Is it the word left out after "guard's"? Because, man, it really makes me want to know what two things of the security guard rushed to the scene.

Comment by wnoise on Rhetoric for the Good · 2011-10-25T20:27:27.496Z · LW · GW

http://groups.google.com/group/alt.language.artificial/msg/69250bac6c7cbaff?pli=1

The tailbit of Poul Anderson's "Uncleftish Beholding":

Some of the higher samesteads are splitly. That is, when a neitherbit strikes the kernel of one, as for a showdeal ymirstuff-235, it bursts into lesser kernels and free neitherbits; the latter can then split more ymirstuff-235. When this happens, weight shifts into work. It is not much of the whole, but nevertheless it is awesome.
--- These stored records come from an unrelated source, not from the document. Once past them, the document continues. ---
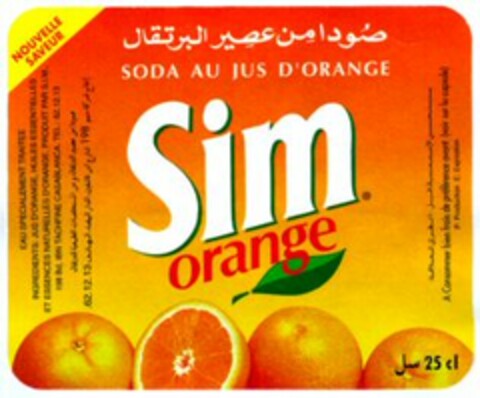 SODA AU JUS D'ORANGE Sim orange Logo (WIPO, 21.10.1996)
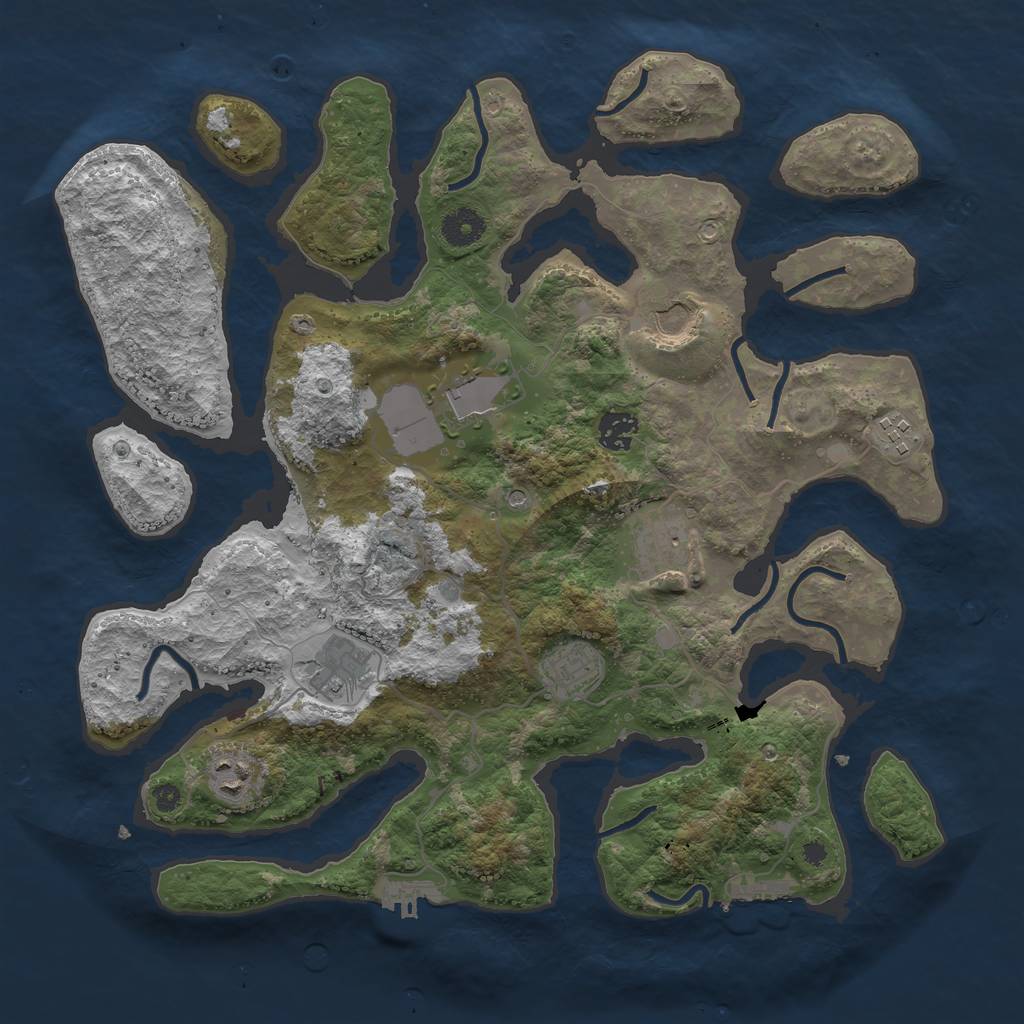 Rust Map: Procedural Map, Size: 3800, Seed: 943057004, 13 Monuments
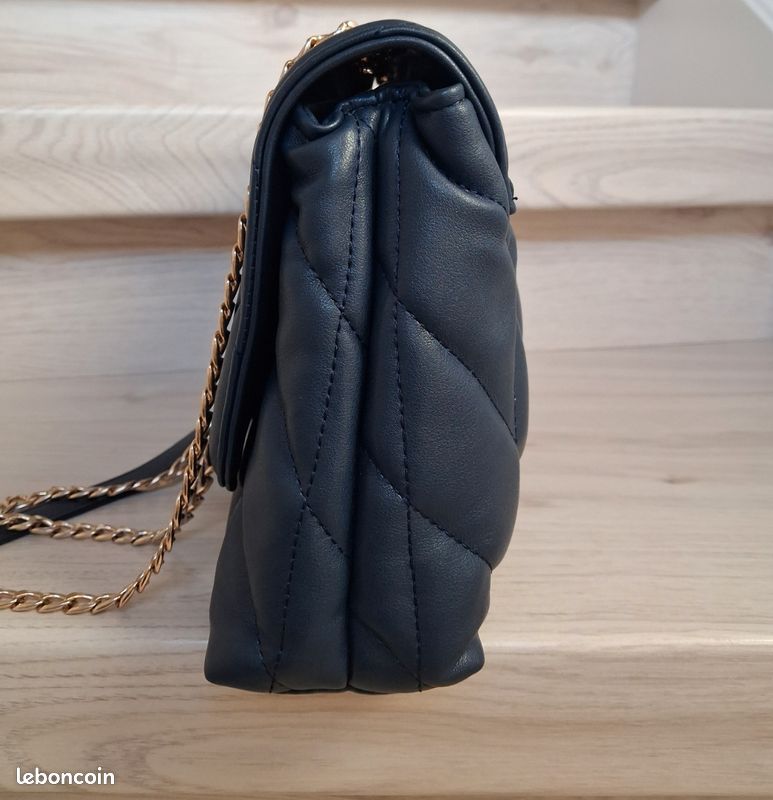 Sac à Main Vintage Guy Laroche Années 90 - Bleu Marine, Porté épaule, Cuir Et Plastique, Neuf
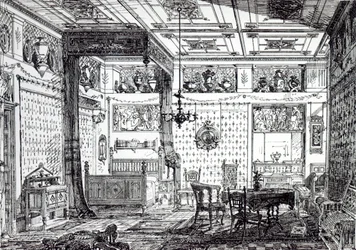 1872年12月1日の「The House-Furnisher and Decorator」のベッドルーム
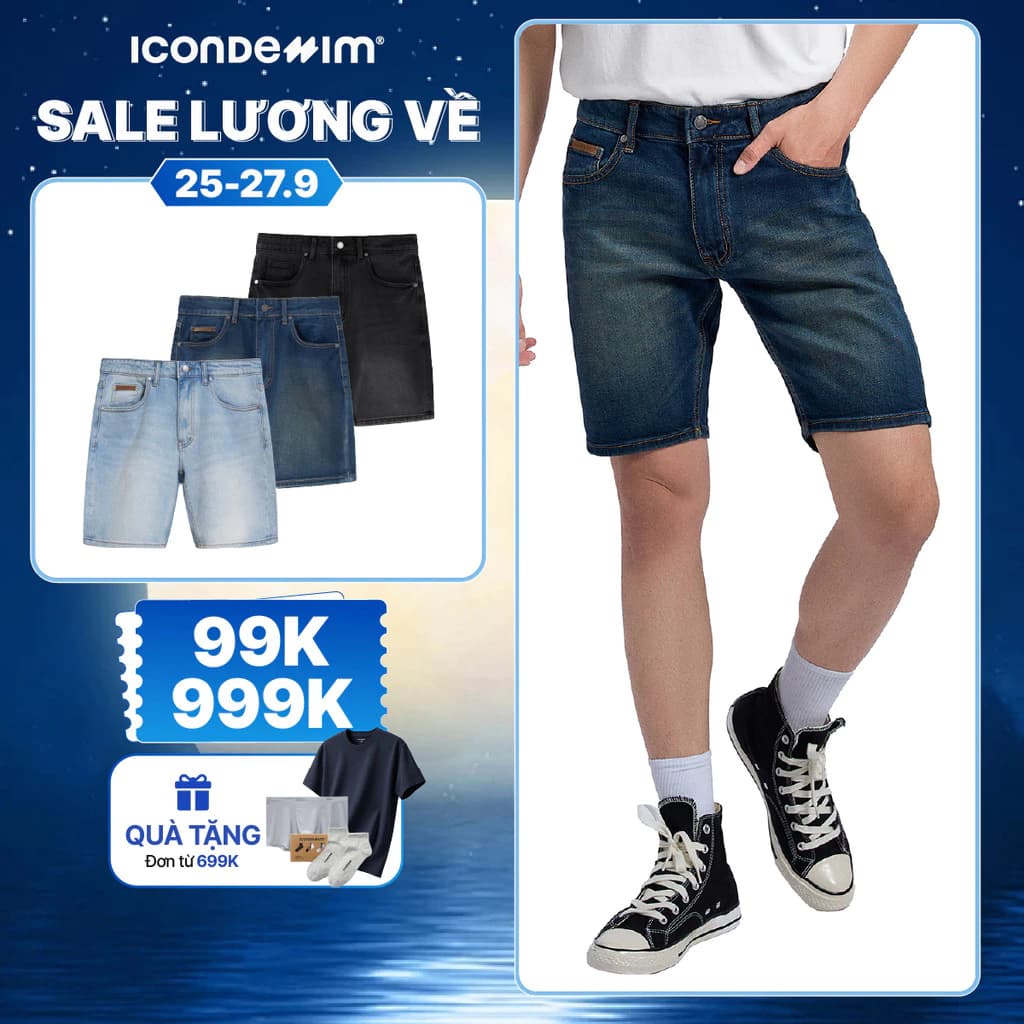 Quần Short Denim Nam ICONDENIM Wash Basic Color Form Slim QSID0186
With enough strength, lightweight unclefts can be made to togethermelt. In the sun, through a row of strikings and lightrottings, four unclefts of waterstuff in this wise become one of sunstuff. Again some weight is lost as work, and again this is greatly big when set beside the work gotten from a minglingish doing such as fire.

Today we wield both kind of uncleftish doings in weapons, and kernelish splitting gives us heat and bernstoneness. We hope to do likewise with togethermelting, which would yield an unhemmed wellspring of work for mankindish goodgain.

Soothly we live in mighty years!

Comment by wnoise on Which Basis Is More Fundamental? · 2011-10-22T03:26:13.288Z · LW · GW

Yep, fixing.

Comment by wnoise on Amanda Knox: post mortem · 2011-10-21T17:38:21.565Z · LW · GW

anonymous internet posters

Pseudonymous. There are many similarities, but having a long-standing name does have significant differences, even if the name isn't tied to one's "real-life" name.

Comment by wnoise on Which Basis Is More Fundamental? · 2011-10-21T17:22:04.912Z · LW · GW

HY = EY is not the Schrödinger equation - it is the energy eigenstate equation.

Which is often called the time-independent Schrödinger equation. The one with the d/dt is then called the time-dependent Schrödinger equation.

Comment by wnoise on Mental Rebooting: "Your Brain on Porn"... · 2011-10-17T23:27:59.369Z · LW · GW

Karezza

I cannot help but be reminded of the following line:

"I do not avoid women, Mandrake, but I do deny them my essence." -- General Ripper, Dr. Strangelove, or: How I Learned to Stop Worrying and Love the Bomb

More seriously, what would be the equivalent for women?

Comment by wnoise on Pascal's wager re-examined · 2011-10-04T20:01:26.052Z · LW · GW

When see the laws of QM, it somehow feels like the kind of quirks I could make in implementing a simulator

It feels like it, but if anything it's the opposite. It's my experience that many people on the border between CS and physics have this thought. However, it's actually much harder to simulate quantum systems than classical systems, and in fact quantum simulation is one of the reasons physicists are interested in quantum computers. (Other people are interested in other problems that quantum computers can do better than classically.)